- [ACTION ITEM]: Reproduce the records that follow without alteration, apart from removing the pictures.

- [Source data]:
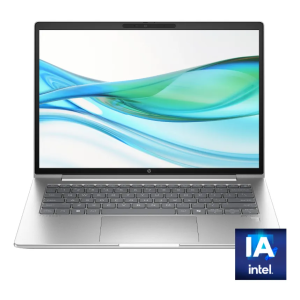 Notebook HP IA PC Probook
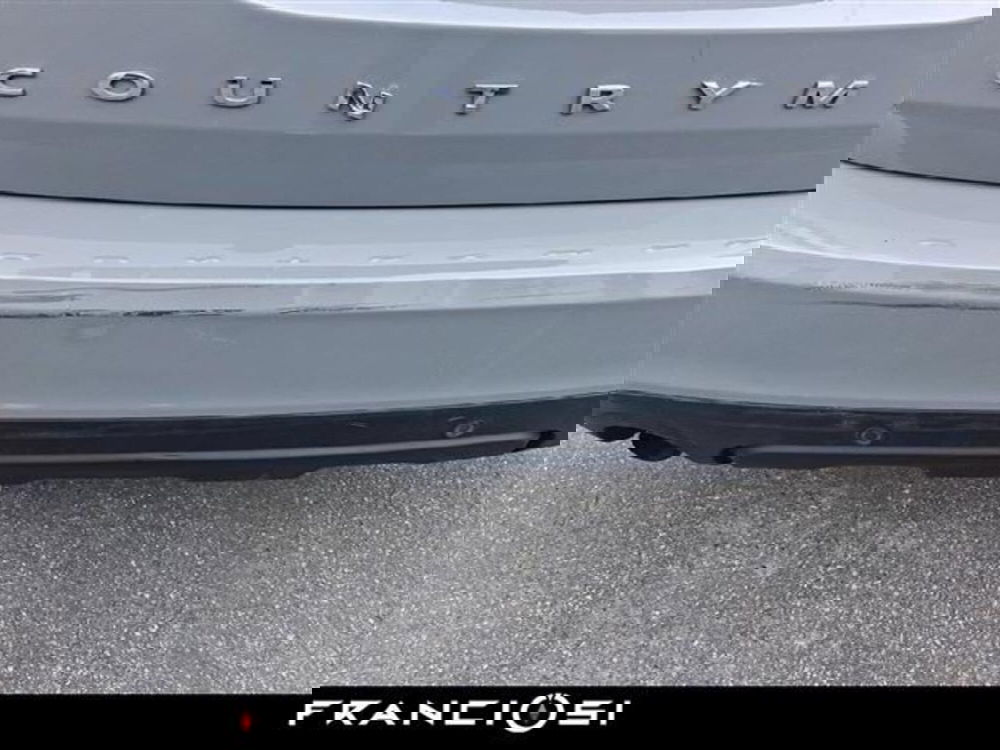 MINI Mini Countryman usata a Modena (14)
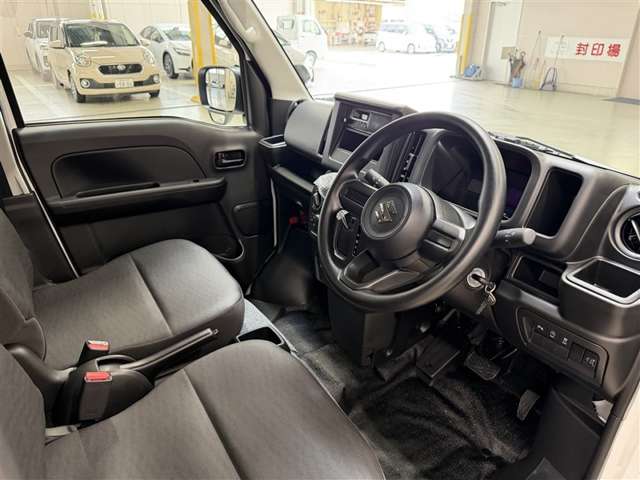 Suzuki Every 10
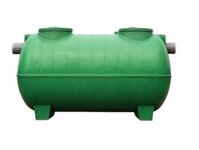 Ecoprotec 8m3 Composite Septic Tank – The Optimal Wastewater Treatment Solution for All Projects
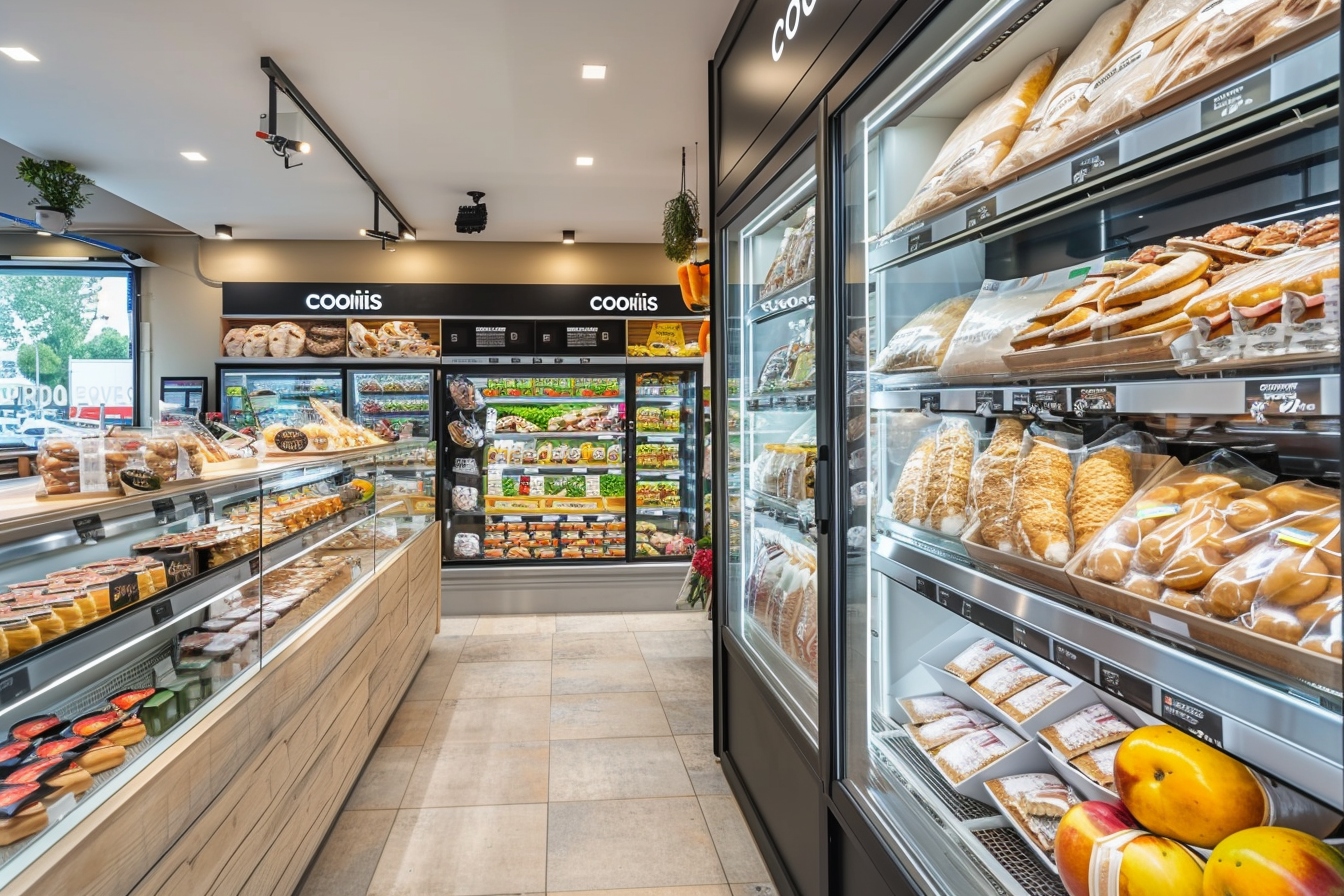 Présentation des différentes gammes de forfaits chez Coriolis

- [TASK RESULT]:
 Notebook HP IA PC Probook
 MINI Mini Countryman usata a Modena (14)
 Suzuki Every 10
 Ecoprotec 8m3 Composite Septic Tank – The Optimal Wastewater Treatment Solution for All Projects
 Présentation des différentes gammes de forfaits chez Coriolis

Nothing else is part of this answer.